Quasi-Experimental Designs
A frequently used quasi-experimental design is the nonequivalent control group pretest–posttest design, which involves comparing two or more groups of people before and after implementing an intervention. For example, suppose we wished to study the effect of a chair yoga intervention (I) for older people (P) on quality of life (O). The intervention is being offered to everyone at a community senior center, and randomization is not possible. For comparative purposes, we collect outcome data at a different senior center that is not instituting the intervention (C). Data on quality of life (QOL) are collected from both groups at baseline and 10 weeks later.

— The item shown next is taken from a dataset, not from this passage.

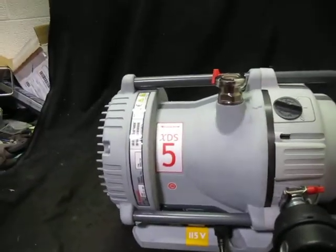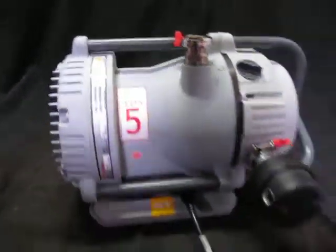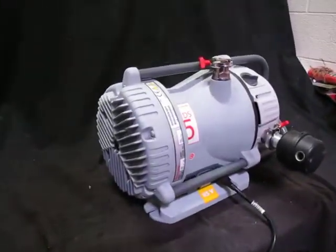This is an Edwards XDS 5. It is a 115 volt — you can see with a yellow sticker right there. Back here it says it is convertible; it'll go from 115 to 240 and will run on 50 or 60 Hertz. I'll take a picture of that.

This quasi-experimental design is identical to a pretest–posttest experimental design except people were not randomized to groups. The quasi-experimental design is weaker because, without randomization, it cannot be assumed that the experimental and comparison groups are equivalent at the outset. The design is, nevertheless, strong because the baseline data allow us to see whether elders in the two senior centers had similar QOL scores, on average, before the intervention. If the groups are comparable at baseline, we could be relatively confident inferring that posttest differences in QOL were the result of the yoga intervention. If QOL scores are different initially, however, postintervention differences are hard to interpret. Note that in quasi-experiments, the term comparison group is sometimes used in lieu of control group to refer to the group against which outcomes in the treatment group are evaluated.
Now suppose we had been unable to collect baseline data. Such a design (nonequivalent control group posttest-only) has a flaw that is hard to remedy. We no longer have information about initial equivalence. If QOL in the experimental group is higher than that in the control group at the posttest, can we conclude that the intervention caused improved QOL? There could be other explanations for the differences. In particular, QOL in the two centers might have differed initially. The hallmark of strong quasi-experiments is the effort to introduce some controls, such as baseline measurements.
Example of a nonequivalent control group design
Hsu and colleagues (2015) used a nonequivalent control group pretest–posttest design to test the effect of an online caring curriculum to enhance nurses’ caring behavior. Nurses in one hospital received the intervention, whereas those in another hospital did not. Data on the nurses’ caring behaviors were gathered from both groups before and after the intervention.